Many of my college friends had grown up in the same kind of well-to-do Chicago suburbs as Phair and felt a special connection to this foul-mouthed guitar-wielding waif. But you didn’t have to have anything in common with Liz Phair to revere Exile in Guyville. It was the first time that as 19 and 20-year-old women, we had our own rebellious anthems to sing along with, and it was the first time most of us had a taste of what later became referred to (mostly by male cultural critics) as “do-me feminism” – and it was exhilarating and powerful. This was years before “The Vagina Monologues” and Alanis Morisette’s explicit “You Oughtta Know” made their way into the mainstream, and Guyville was completely original and cool.

Liz Phair on the cover of Rolling Stone

Liz Phair on the cover of Rolling Stone

Flash forward 15 years to my 35-year-old self, a college professor whose research focuses primarily on girls and media, and who played in a Chicago rock band for a number of years herself in some of the same bars once frequented by Phair. It was with more than a little trepidation that I went out to my local record store to buy the 15th anniversary re-release of Guyville. I still break out the original from time to time, but the new release touted some previously unreleased b-sides and a DVD featuring Phair herself revisiting the early 90s and the Guyville era, which was intriguing. Moreover, something in me still wants to support that part of her career.

So why the trepidation?

Let’s start with the “do-me feminism,” a reaction to anti-pornography feminism that suggests feminists can also embrace sexuality, that some have reappropriated to symbolize women’s growing love of sex and sexiness. Back in 1993, grunge was god and my peers and I lived in sexless baggy flannels, cut-offs over long underwear, and Doc Martens. We wouldn’t have dreamed of micro-minis and half-shirts that you see on a lot of college-aged women today, and the stars we saw on TV weren’t dressing that way either. The sexiest youth-oriented show on television was Beverly Hills 90210, which is quaint and tame by today’s standards (case in point: a recent preview of the CW’s Gossip Girl featured two of the heroines and classmates in various states of undress and a flash to the text-style acronym/swear, “OMFG!”).

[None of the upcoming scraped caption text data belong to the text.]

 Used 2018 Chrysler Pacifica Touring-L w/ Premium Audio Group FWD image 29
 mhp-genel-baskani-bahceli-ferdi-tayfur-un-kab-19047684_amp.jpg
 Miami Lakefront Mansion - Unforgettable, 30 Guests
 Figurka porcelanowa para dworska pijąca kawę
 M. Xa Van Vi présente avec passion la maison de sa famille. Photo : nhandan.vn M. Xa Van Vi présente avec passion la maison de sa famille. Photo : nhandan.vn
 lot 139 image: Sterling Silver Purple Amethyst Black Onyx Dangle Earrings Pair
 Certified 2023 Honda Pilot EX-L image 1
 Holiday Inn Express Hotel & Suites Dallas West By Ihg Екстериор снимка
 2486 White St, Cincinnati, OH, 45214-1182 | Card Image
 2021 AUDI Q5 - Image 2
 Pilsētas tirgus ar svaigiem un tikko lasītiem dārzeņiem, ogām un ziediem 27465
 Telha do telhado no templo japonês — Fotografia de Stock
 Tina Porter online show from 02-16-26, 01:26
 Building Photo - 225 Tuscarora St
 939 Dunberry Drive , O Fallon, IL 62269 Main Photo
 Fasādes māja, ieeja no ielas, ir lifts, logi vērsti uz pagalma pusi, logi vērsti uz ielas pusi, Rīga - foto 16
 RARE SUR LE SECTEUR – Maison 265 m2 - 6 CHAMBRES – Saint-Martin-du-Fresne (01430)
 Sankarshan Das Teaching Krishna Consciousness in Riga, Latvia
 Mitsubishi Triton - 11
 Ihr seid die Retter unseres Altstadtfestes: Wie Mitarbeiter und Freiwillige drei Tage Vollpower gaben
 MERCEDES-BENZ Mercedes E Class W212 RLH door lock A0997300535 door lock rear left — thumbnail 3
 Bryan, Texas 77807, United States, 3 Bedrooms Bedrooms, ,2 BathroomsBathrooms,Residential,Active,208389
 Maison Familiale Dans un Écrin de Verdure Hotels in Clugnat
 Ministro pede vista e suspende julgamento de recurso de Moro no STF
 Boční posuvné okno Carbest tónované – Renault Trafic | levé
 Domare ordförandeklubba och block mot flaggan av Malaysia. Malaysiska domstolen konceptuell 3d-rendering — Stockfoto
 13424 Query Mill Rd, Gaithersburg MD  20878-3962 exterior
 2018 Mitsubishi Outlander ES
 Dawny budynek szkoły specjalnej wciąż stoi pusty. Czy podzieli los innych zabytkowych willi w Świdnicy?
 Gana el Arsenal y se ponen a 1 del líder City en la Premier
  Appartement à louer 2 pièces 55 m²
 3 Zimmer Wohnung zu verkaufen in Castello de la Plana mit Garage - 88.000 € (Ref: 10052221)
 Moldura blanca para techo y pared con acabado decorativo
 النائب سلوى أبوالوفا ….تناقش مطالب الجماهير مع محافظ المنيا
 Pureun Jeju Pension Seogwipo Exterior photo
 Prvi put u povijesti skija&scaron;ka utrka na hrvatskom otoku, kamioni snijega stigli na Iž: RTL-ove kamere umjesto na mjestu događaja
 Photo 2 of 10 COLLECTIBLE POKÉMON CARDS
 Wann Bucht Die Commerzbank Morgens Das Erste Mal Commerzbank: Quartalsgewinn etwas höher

As the decade progressed, the mediated messages about female sexual empowerment shifted from targeting young women in their 20s to young girls in their teens to tweens and younger, and the messages were no longer necessarily about sexuality but instead about sexiness. Disney characters like “Pocahontas” raised eyebrows in 1995, but eventually were overtaken in tween popularity by Bratz dolls. Today, The Girls Next Door, a reality show featuring Hugh Hefners’ three Playboy Bunny girlfriends, is very popular with young women and girls under 18. ((World Screen Weekly September 6, 2007.) In music, the mediated pro-sexuality messages also skewed younger: 17-year-old Britney Spears’ iconic sexy-schoolgirl video for her hit, “Baby, One More Time,” was only the start of it.

Girls Next Door

Girls Next Door

As a feminist scholar, it is sometimes difficult to reconcile my own pro-sex feminist views with my disdain for stereotypical patriarchal representations of young women’s sexuality. (And as a music snob, it’s difficult to link early Phair to Spears at all.) However, to paraphrase the old cigarette ads, the re-release of Guyville serves as a sad reminder of some backward cultural movement with regard to the cultural representations of girls and women. To me, the Guyville era began with young women taking ownership of their sexuality in terms once deemed unladylike; now, far too often, young women instead take part in a heteronormative male fantasy in which they have no ownership at all. The new female music industry darlings – Rihanna and The Pussy Cat Dolls, for example — are all about looking hot and using cute double-entendre lyrics instead of just calling it fucking, Phair style.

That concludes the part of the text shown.